Individual companies are seeking new ways to improve practices and procedures within their operations, identifying steps that may be taken to reduce methane intensity and keep natural gas product in the pipe. This knowledge is then shared across the industry through industry initiatives like The Environmental Partnership.
Advancing Operational Practices through The Environmental Partnership
The majority of The Environmental Partnership’s existing environmental performance programs currently focus on improvements to operations and maintenance activities. Through research, shared learnings and collaboration with key stakeholders, the Partnership works to enhance and expand its existing programs and implement new best practices to reduce methane emissions.
- Manual Liquids Unloading Program: As liquid accumulates in a natural gas well, the pressure of the liquid — primarily water — becomes greater than the gas velocity and can slow or stop the flow of gas to the line. Wells often need to remove or “unload” the accumulated liquids so that gas production is not inhibited. To maintain the flow of natural gas through pipelines, operators sometimes need to temporarily move some of the liquid in the pipe to an alternate location. Without careful monitoring, this process can allow some methane and other compounds to be released into the atmosphere. TEP’s best practices have guided the monitoring of more than 260,000 manual liquids uploading events since 2018.
- Pipeline Blowdown Program: A blowdown is the act of releasing natural gas from the pipeline system so that maintenance, testing or other activities can be done safely on the depressurized systems or facilities. To reduce methane emissions from blowdowns, companies participating in the Partnership’s Pipeline Blowdown Program has developed methods implemented best practice methods during more than 10,600 pipeline blowdowns to minimize emissions during the depressurization process or to reroute gases for beneficial reuse.
- Compressor Program: This program enables actions that reduce emissions from reciprocating and centrifugal compressors within natural gas and oil transmission.

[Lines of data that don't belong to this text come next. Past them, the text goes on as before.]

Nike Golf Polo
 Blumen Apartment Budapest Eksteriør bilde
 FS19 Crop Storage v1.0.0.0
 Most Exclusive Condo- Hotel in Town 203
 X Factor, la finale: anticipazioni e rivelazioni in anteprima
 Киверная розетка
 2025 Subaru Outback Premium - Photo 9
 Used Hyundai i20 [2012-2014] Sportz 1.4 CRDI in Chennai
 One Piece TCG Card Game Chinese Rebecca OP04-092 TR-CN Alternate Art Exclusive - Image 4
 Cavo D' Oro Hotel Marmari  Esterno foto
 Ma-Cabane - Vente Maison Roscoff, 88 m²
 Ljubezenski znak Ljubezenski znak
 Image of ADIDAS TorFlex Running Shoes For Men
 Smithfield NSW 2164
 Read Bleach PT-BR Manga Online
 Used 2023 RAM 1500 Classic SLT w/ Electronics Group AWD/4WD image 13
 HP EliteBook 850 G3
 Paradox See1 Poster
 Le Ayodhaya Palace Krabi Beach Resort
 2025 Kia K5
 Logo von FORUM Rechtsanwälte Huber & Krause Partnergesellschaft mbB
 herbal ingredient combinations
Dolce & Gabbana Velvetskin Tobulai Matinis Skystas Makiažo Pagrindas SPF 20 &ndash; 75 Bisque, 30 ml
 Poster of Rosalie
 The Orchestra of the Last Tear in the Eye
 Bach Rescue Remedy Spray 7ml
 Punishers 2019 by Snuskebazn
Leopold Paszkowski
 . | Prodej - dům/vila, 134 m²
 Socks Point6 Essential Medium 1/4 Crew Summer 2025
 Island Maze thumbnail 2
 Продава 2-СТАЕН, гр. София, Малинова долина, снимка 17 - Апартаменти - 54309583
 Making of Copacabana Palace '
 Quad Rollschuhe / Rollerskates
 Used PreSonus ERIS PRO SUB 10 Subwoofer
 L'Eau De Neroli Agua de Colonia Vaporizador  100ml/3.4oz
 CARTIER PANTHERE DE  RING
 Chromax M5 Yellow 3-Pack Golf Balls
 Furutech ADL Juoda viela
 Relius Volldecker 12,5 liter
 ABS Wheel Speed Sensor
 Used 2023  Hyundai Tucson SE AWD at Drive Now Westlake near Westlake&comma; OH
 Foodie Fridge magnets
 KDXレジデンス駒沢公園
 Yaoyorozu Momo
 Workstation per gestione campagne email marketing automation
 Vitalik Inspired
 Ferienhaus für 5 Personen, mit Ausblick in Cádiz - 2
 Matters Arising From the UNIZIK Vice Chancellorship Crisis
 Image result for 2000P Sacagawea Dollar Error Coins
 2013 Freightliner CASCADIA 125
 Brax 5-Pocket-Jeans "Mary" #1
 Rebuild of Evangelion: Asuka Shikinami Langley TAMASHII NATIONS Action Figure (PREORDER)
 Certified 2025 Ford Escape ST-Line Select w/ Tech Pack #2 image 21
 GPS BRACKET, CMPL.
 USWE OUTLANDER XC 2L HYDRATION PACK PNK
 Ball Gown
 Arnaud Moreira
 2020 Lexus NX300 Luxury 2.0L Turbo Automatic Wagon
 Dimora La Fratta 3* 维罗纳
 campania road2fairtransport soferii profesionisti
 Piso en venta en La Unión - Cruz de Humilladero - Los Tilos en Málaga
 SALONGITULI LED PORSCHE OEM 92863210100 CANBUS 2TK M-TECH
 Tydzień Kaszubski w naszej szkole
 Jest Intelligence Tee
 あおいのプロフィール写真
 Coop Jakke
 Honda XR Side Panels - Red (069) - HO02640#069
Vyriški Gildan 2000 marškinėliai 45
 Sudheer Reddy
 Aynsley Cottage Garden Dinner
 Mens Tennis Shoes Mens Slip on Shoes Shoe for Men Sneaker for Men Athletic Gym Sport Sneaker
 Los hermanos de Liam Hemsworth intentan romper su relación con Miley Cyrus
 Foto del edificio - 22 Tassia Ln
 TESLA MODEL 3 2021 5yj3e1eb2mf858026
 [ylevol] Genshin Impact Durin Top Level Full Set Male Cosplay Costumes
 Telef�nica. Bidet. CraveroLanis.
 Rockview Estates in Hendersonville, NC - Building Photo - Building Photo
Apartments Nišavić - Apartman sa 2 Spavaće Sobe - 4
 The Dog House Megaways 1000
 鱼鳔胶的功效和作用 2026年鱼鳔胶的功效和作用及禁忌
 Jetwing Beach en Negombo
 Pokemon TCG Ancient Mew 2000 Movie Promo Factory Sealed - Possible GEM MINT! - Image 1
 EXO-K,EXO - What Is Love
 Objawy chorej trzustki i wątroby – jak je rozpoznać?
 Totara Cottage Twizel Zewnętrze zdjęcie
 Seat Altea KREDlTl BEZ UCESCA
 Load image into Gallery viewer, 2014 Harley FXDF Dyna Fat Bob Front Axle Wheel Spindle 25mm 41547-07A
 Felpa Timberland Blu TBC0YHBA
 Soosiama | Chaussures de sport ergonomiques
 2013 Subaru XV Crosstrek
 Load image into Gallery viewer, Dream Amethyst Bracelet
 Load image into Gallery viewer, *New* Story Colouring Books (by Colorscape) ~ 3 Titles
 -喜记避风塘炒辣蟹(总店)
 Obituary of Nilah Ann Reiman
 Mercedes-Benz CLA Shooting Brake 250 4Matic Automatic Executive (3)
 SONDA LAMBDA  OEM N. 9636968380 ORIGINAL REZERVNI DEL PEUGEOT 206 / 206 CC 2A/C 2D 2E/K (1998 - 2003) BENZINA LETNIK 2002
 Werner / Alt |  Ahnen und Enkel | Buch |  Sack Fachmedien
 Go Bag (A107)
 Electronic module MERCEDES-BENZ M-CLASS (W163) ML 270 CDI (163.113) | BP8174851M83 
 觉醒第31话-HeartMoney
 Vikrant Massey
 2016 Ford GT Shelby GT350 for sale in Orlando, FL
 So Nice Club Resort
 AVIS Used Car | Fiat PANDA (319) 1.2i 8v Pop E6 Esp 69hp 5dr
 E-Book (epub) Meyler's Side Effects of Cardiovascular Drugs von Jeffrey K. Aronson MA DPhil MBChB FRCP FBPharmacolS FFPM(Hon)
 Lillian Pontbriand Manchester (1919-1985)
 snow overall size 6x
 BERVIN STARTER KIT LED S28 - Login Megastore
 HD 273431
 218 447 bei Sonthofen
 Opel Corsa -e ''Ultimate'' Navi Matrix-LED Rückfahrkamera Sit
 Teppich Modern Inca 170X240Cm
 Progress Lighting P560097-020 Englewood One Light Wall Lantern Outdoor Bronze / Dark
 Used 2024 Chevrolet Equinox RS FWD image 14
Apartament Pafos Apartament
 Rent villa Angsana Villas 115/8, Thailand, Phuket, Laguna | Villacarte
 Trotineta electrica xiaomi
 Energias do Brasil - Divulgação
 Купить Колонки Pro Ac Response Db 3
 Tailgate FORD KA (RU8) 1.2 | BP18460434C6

In 2021, approved emissions reduction practices were used on more than 1,500 compressors.
- Flare Management Program: Flaring typically occurs when there is a lack of gas gathering/processing capacity during facility maintenance. Flaring is also used when an oil well produces ancillary natural gas and there is no pipeline infrastructure available to transport it. In these instances, flaring is the safer environmental option. Rather than venting the gas into the air, flaring burns the gas, which releases fewer greenhouse gases than venting.
Through the Partnership’s Flare Management Program, participating companies implement flare management plans to more efficiently identify flare volume and emission reduction practices. In 2021, companies participating in the program, who represented 62% and 40% of total U.S. oil and natural gas production respectively, reported an aggregated 45% reduction in flare intensity and a 26% reduction in total flare volumes from the previous year.